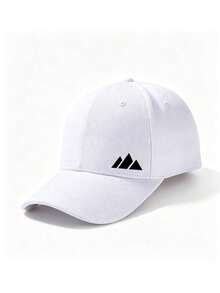 1pc Unisex Printed Decorative Baseball Cap Trucker Hat Baseball Cap Dad Hat, Suitable For Outdoor Use, Travel, Hiking, Beach, Vacation - Multicolor - View 2
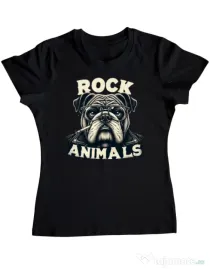 Tricou personalizat dama BULLDOG 06 Negru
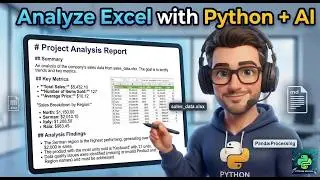 Как анализировать данные Excel с помощью Python и Gemini AI 🐍 #python #программирование #Автомати...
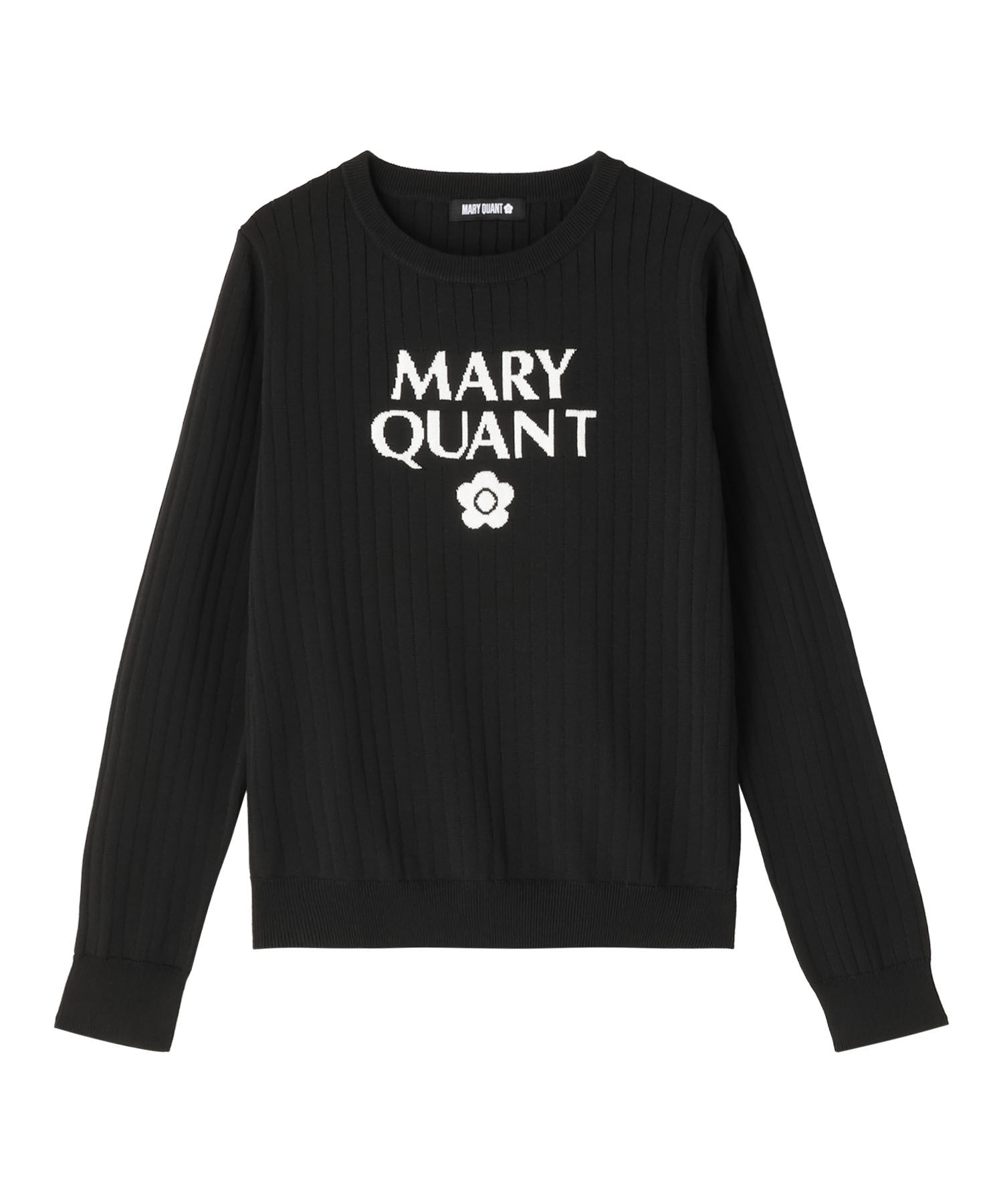 MARY QUANT「ロゴリブニット プルオーバー」|ニット・セーター|ブラック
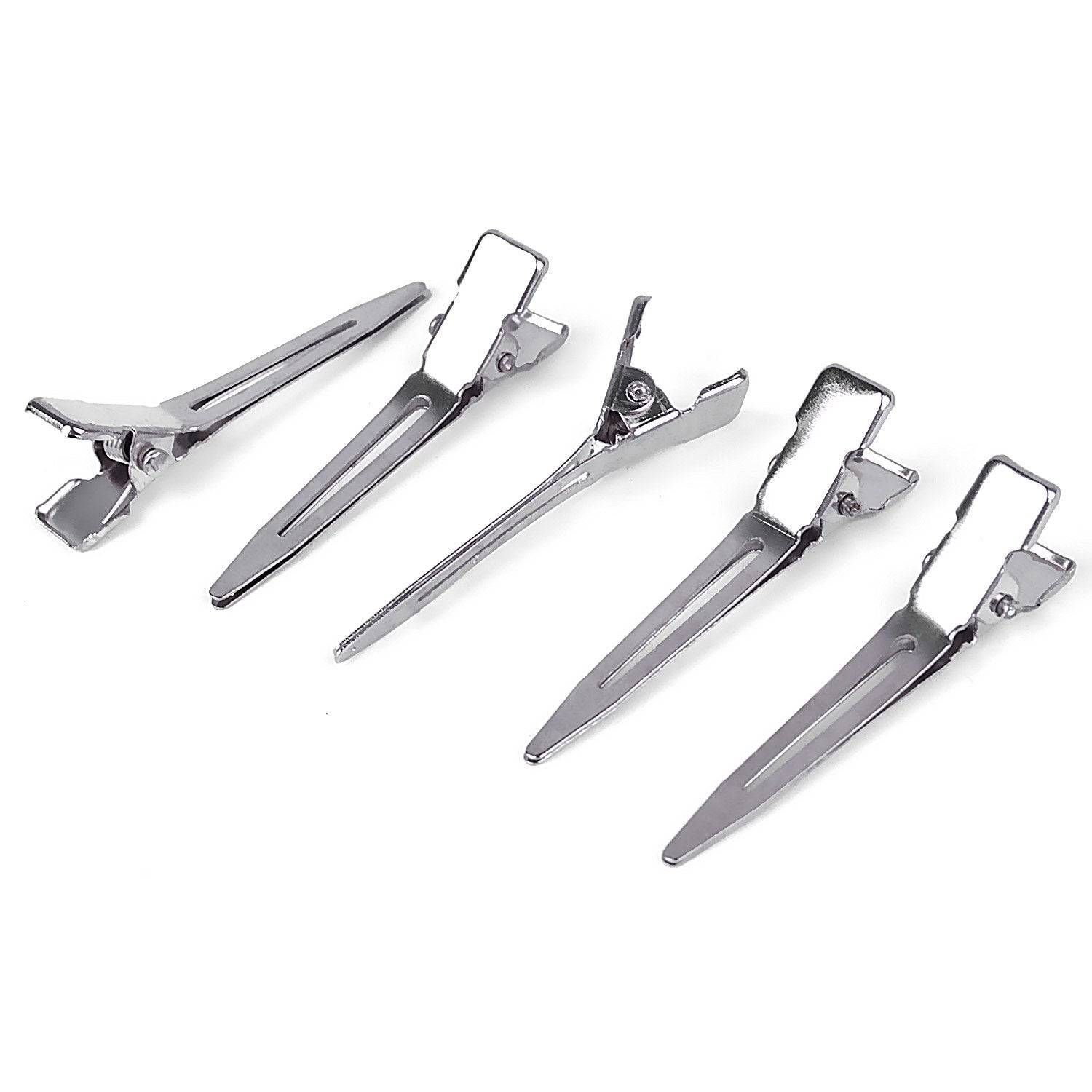 Silver Single Prong Curl Clips - DUX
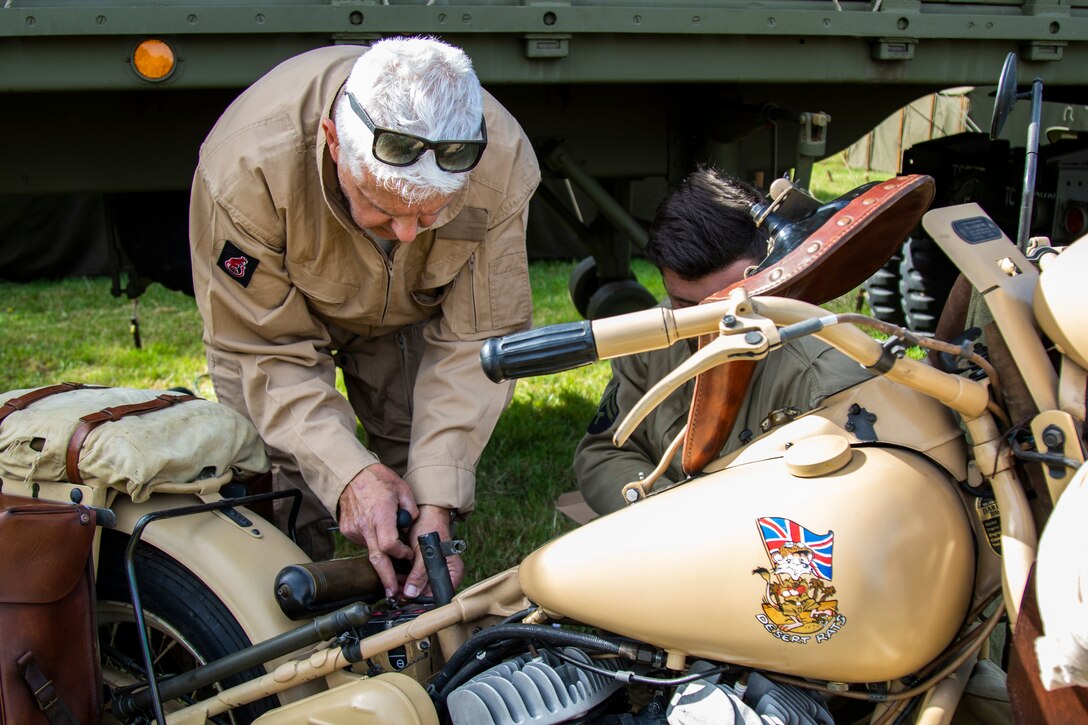 WWII veterans and reenactors in Sainte-Mère-Église, France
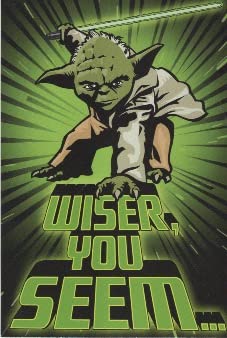 Heartline Star Wars Yoda Happy Birthday Card - Wiser, You Seem... Stronger Your Life Force... More Awesome Your Powers!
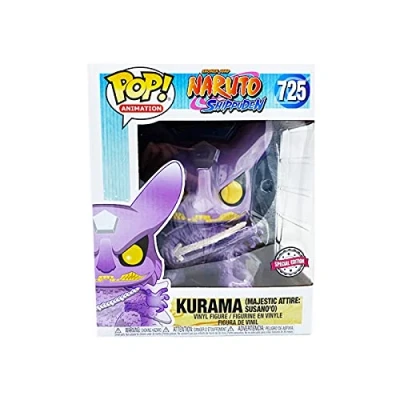 Immagine di Funko POP! Animation: Shonen Jump Naruto Shippuden #725 Kurama Majestic Attire Susano&#039;o 6 Inch Exclusive Bundled with
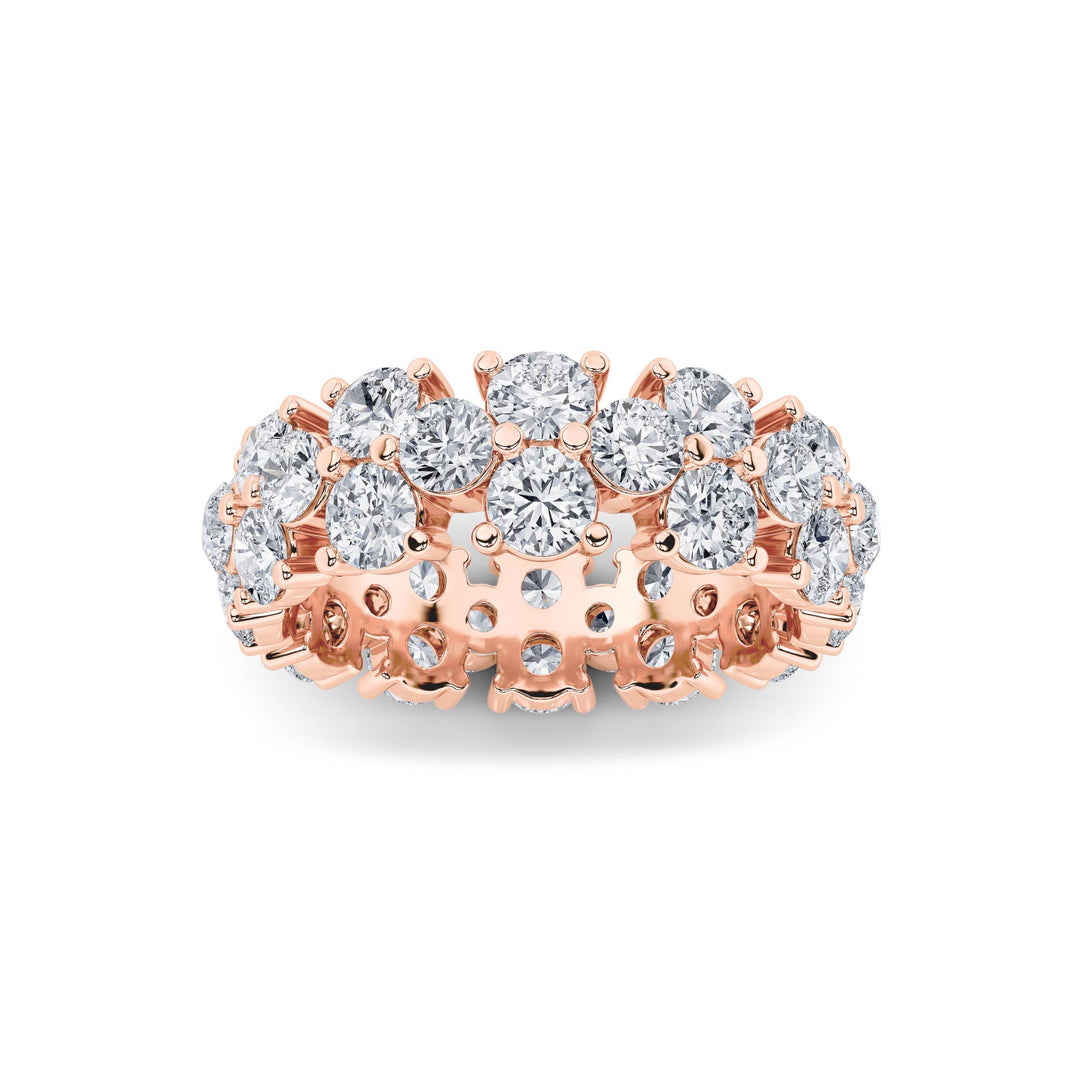5Cttw Round Shaped Lab Grown Diamond (F/VS) Eternity Band Ring in 14K Gold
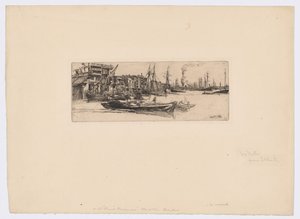 Thames lagerbygninger af James Abbott McNeill Whistler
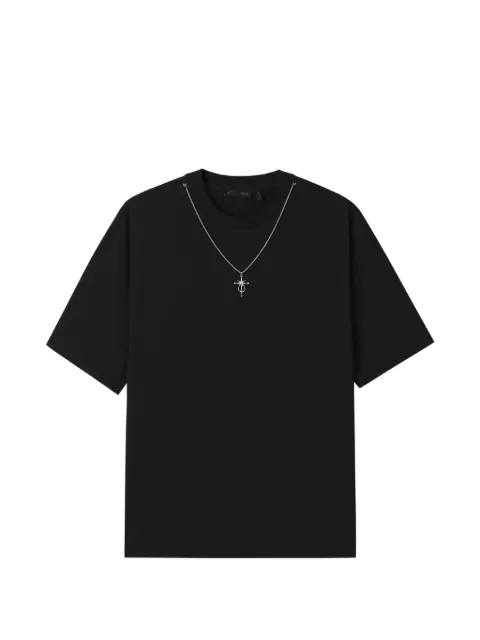 FIVE CM necklace-detail T-shirt Black 5CXTEM00442X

==================================================

**What is being asked**. Output exactly the lines from the one containing "Thames lagerbygninger af" through the last line of the records above, both included, leaving out any pictures.

**Task output**.
 Thames lagerbygninger af James Abbott McNeill Whistler
 FIVE CM necklace-detail T-shirt Black 5CXTEM00442X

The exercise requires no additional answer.